## What you should do
Reproduce the material below only from the line with "Hi there. In" to the line with "Everyone, in this", both included, keeping each line exact and dropping the pictures.

## Given entries
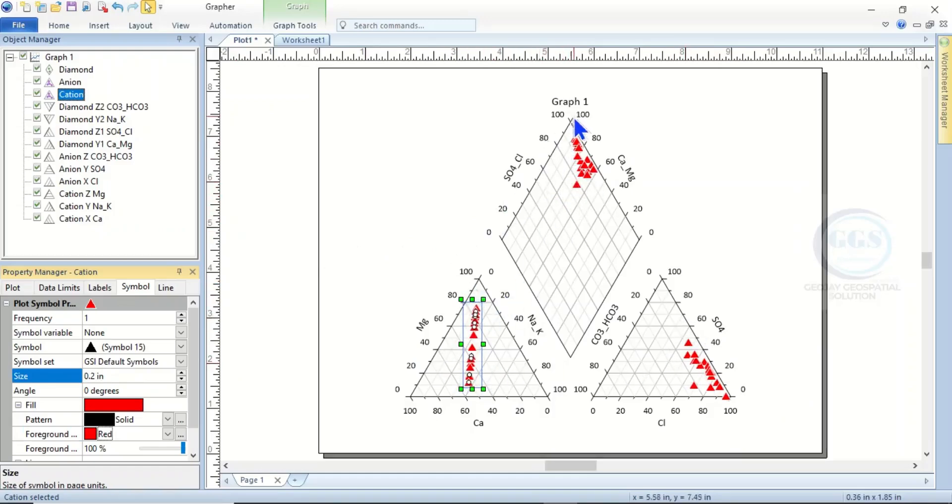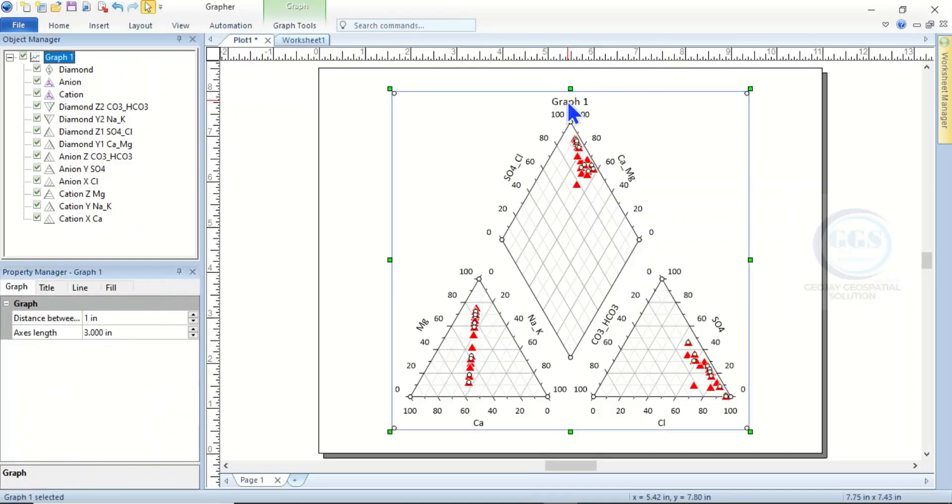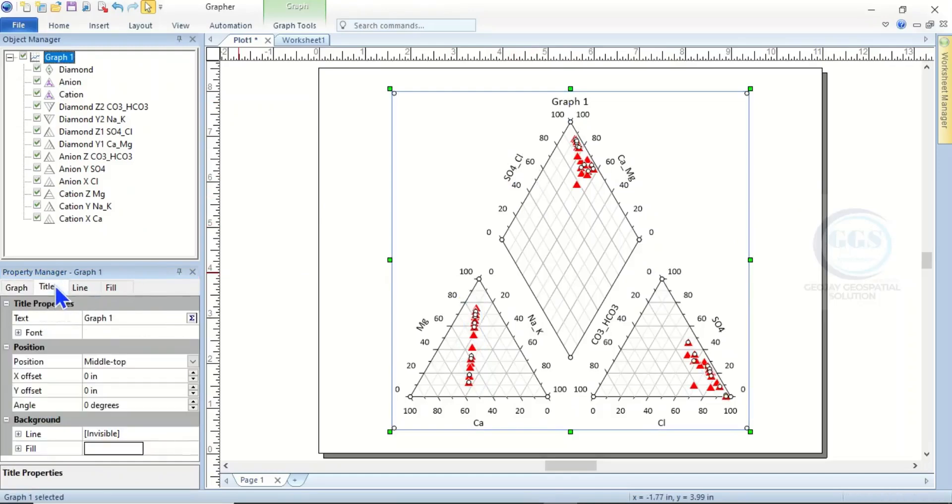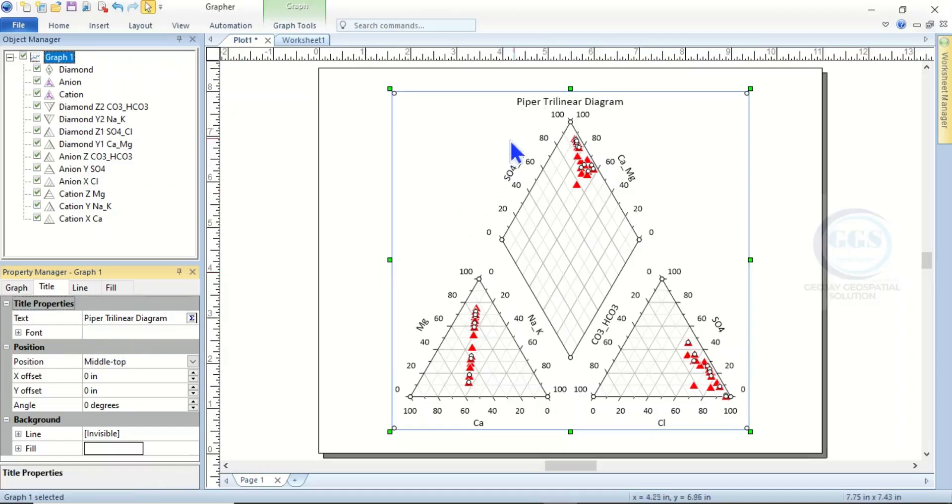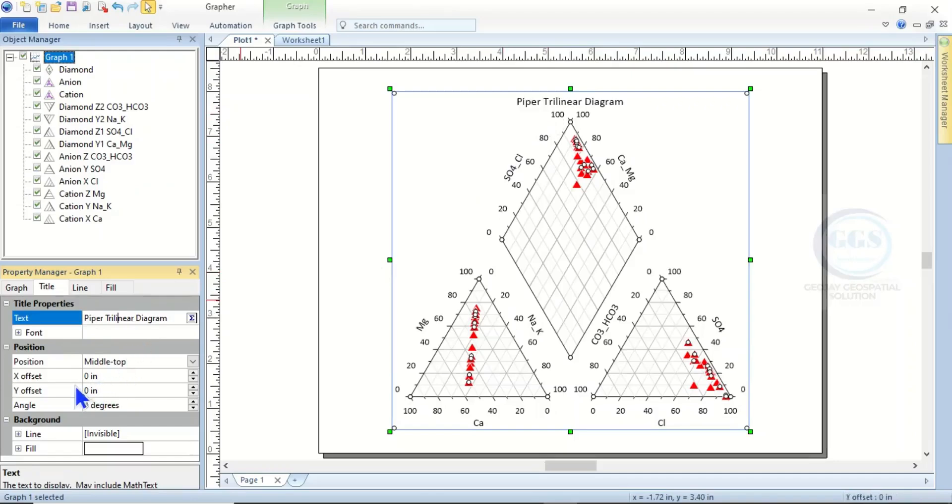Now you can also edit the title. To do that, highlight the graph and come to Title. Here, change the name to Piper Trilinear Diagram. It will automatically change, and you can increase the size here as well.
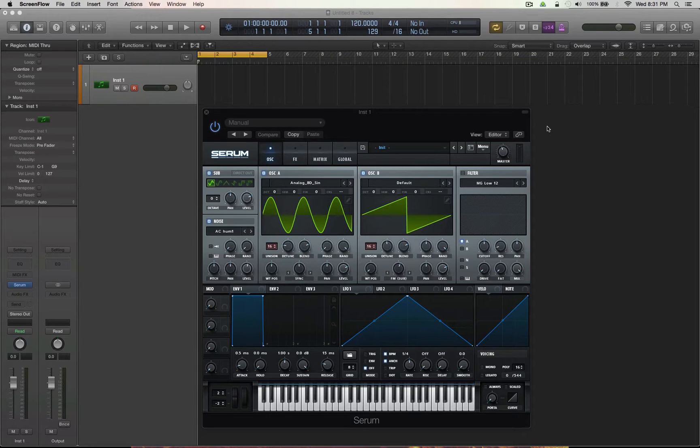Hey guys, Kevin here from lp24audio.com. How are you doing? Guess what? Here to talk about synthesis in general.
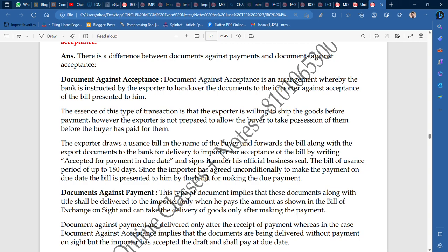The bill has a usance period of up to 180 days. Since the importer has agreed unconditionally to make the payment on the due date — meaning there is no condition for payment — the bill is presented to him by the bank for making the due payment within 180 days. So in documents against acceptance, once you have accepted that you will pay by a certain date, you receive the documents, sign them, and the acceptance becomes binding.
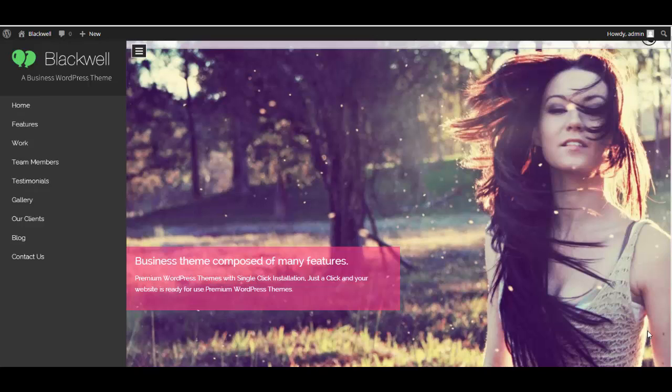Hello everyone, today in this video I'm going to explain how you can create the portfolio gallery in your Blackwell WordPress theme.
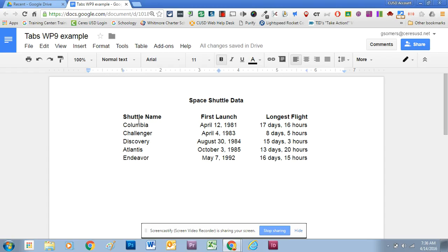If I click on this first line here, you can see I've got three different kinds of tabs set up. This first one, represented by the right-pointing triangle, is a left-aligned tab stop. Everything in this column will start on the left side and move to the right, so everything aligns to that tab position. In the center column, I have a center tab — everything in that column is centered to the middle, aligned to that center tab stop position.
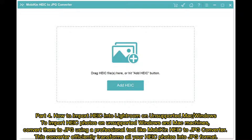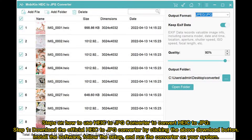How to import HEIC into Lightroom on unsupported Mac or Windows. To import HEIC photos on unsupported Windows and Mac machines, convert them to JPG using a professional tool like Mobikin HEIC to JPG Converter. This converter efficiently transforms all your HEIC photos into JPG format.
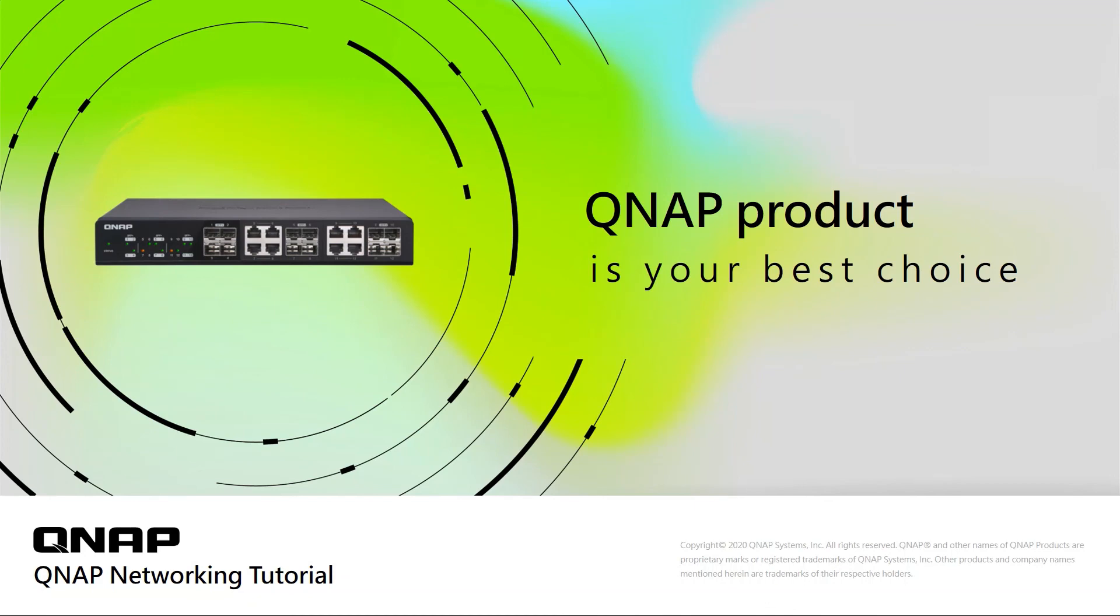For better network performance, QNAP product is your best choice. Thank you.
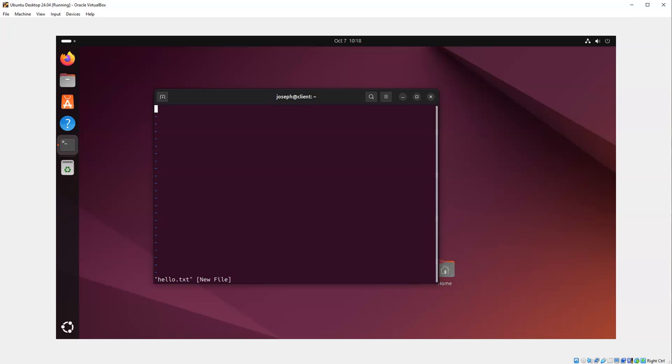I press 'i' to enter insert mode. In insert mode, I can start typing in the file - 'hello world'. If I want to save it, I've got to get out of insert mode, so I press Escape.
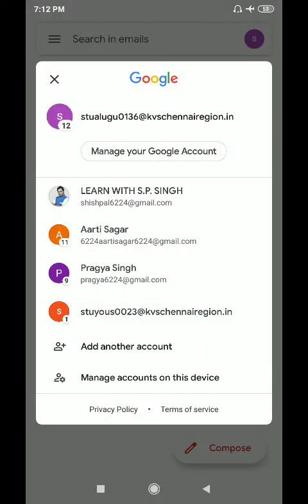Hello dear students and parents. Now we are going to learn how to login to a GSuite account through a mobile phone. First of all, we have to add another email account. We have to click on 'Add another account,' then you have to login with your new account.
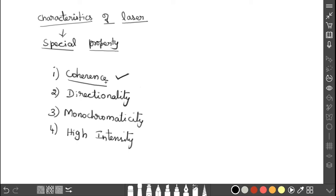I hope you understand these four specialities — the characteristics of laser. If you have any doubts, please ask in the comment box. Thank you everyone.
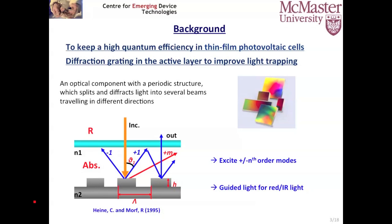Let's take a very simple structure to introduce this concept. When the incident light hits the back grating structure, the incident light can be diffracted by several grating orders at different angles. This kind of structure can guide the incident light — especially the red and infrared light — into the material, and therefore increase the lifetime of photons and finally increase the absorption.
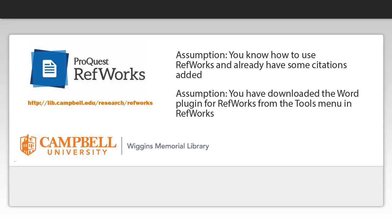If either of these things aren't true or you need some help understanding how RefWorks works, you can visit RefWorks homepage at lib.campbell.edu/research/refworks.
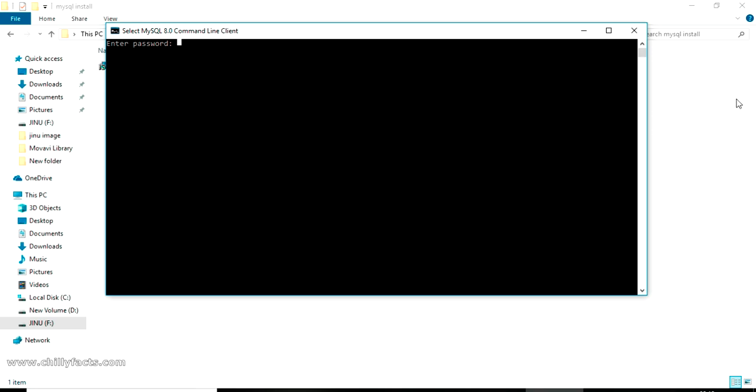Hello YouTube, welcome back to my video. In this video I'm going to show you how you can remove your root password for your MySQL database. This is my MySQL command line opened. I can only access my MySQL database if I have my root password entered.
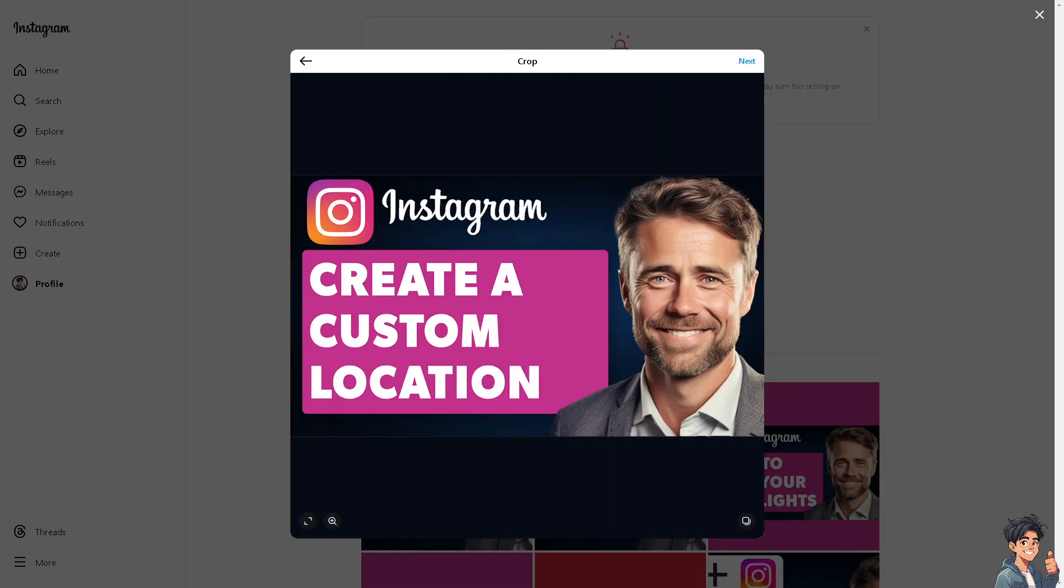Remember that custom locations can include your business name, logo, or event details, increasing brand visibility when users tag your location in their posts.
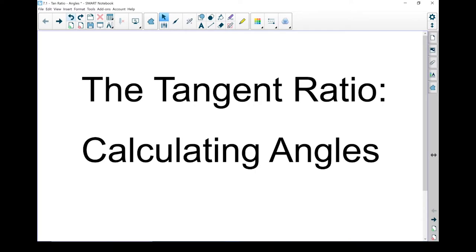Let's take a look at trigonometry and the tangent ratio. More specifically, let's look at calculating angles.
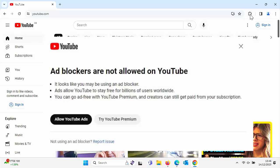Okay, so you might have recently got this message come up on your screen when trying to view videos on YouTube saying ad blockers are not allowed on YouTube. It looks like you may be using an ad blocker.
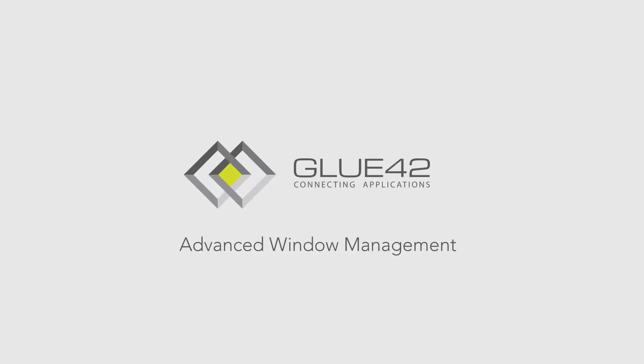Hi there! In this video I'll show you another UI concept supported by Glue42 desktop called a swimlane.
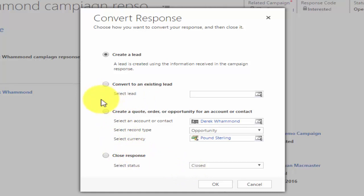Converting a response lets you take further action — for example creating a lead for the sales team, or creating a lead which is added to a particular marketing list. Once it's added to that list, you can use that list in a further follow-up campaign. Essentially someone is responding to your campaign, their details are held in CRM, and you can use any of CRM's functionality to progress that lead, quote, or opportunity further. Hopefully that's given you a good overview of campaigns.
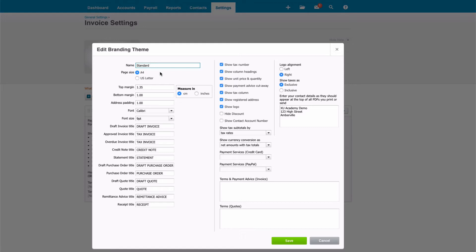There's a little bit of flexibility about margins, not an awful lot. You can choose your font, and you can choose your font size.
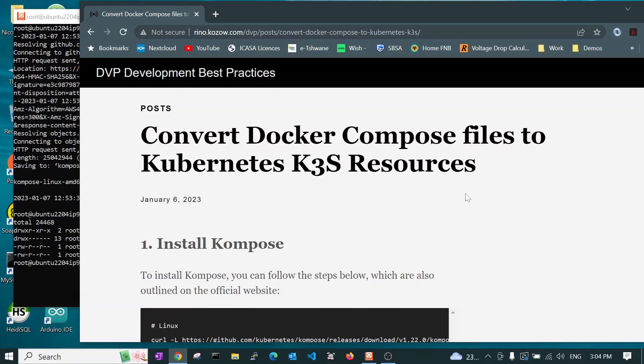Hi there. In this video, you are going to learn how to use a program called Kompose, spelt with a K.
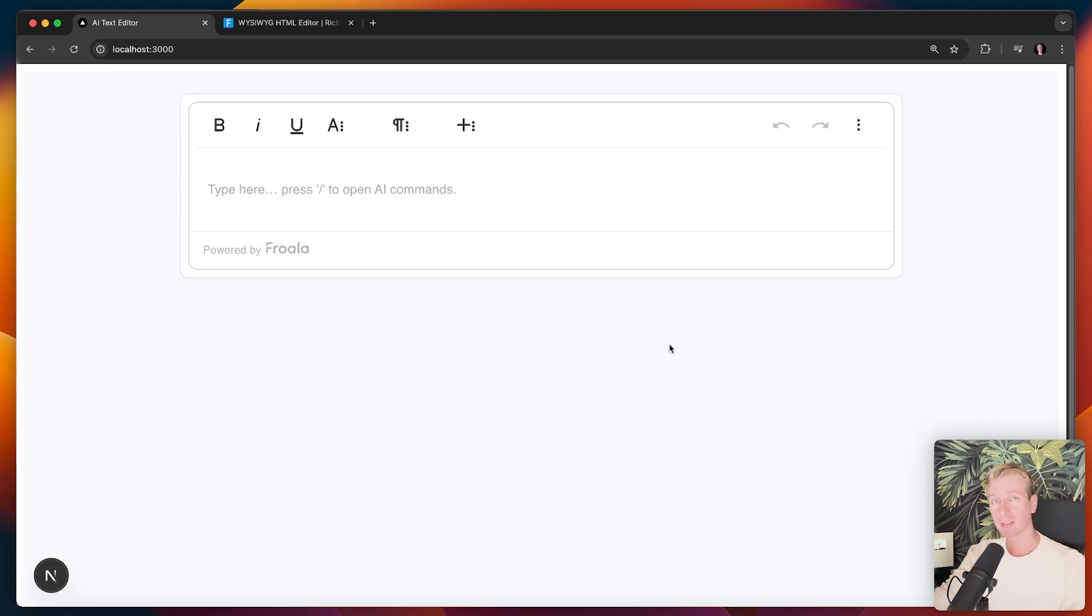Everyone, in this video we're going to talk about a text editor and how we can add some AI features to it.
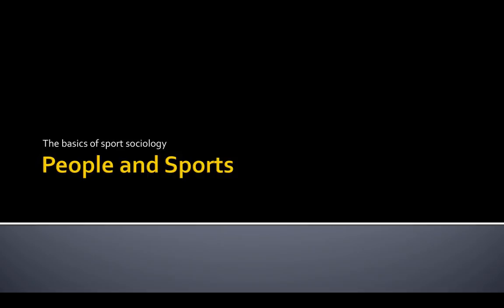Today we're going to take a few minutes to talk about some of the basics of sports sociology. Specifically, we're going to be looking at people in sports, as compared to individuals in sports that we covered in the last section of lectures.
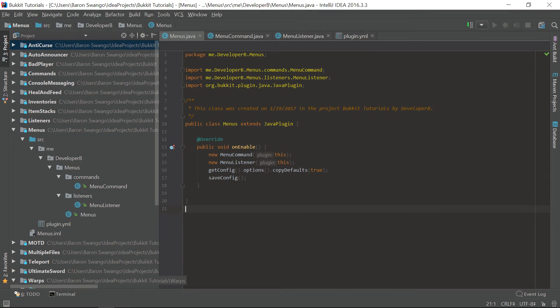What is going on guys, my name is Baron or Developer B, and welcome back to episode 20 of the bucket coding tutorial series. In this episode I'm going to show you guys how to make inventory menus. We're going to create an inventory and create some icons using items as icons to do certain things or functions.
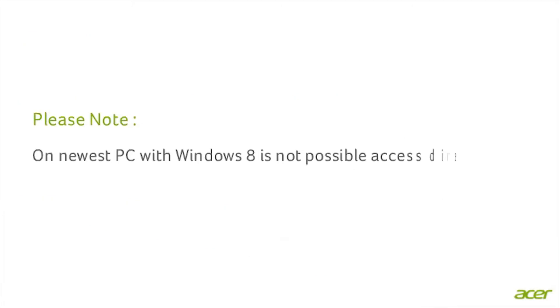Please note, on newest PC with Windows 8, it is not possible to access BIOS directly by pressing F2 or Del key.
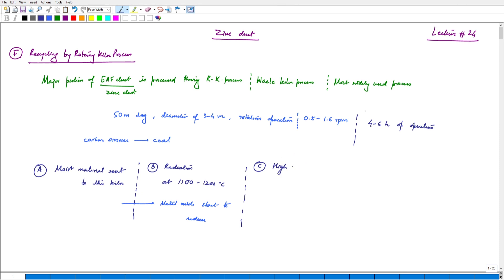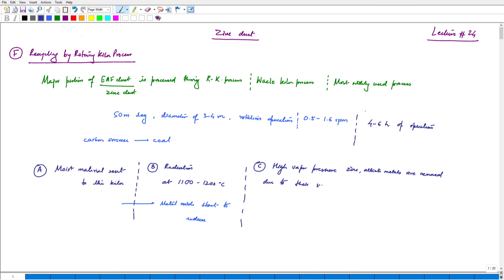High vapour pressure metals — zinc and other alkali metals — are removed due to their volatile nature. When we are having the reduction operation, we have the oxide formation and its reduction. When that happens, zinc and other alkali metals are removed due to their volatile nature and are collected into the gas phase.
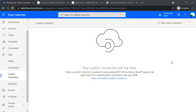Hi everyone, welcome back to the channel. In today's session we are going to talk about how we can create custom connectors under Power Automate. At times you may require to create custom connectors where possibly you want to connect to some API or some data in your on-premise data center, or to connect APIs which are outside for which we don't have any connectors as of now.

## Answer to this task
Hi there. In this video, you are going to learn how to use a program called Kompose, spelt with a K.
Everyone, in this video we're going to talk about a text editor and how we can add some AI features to it.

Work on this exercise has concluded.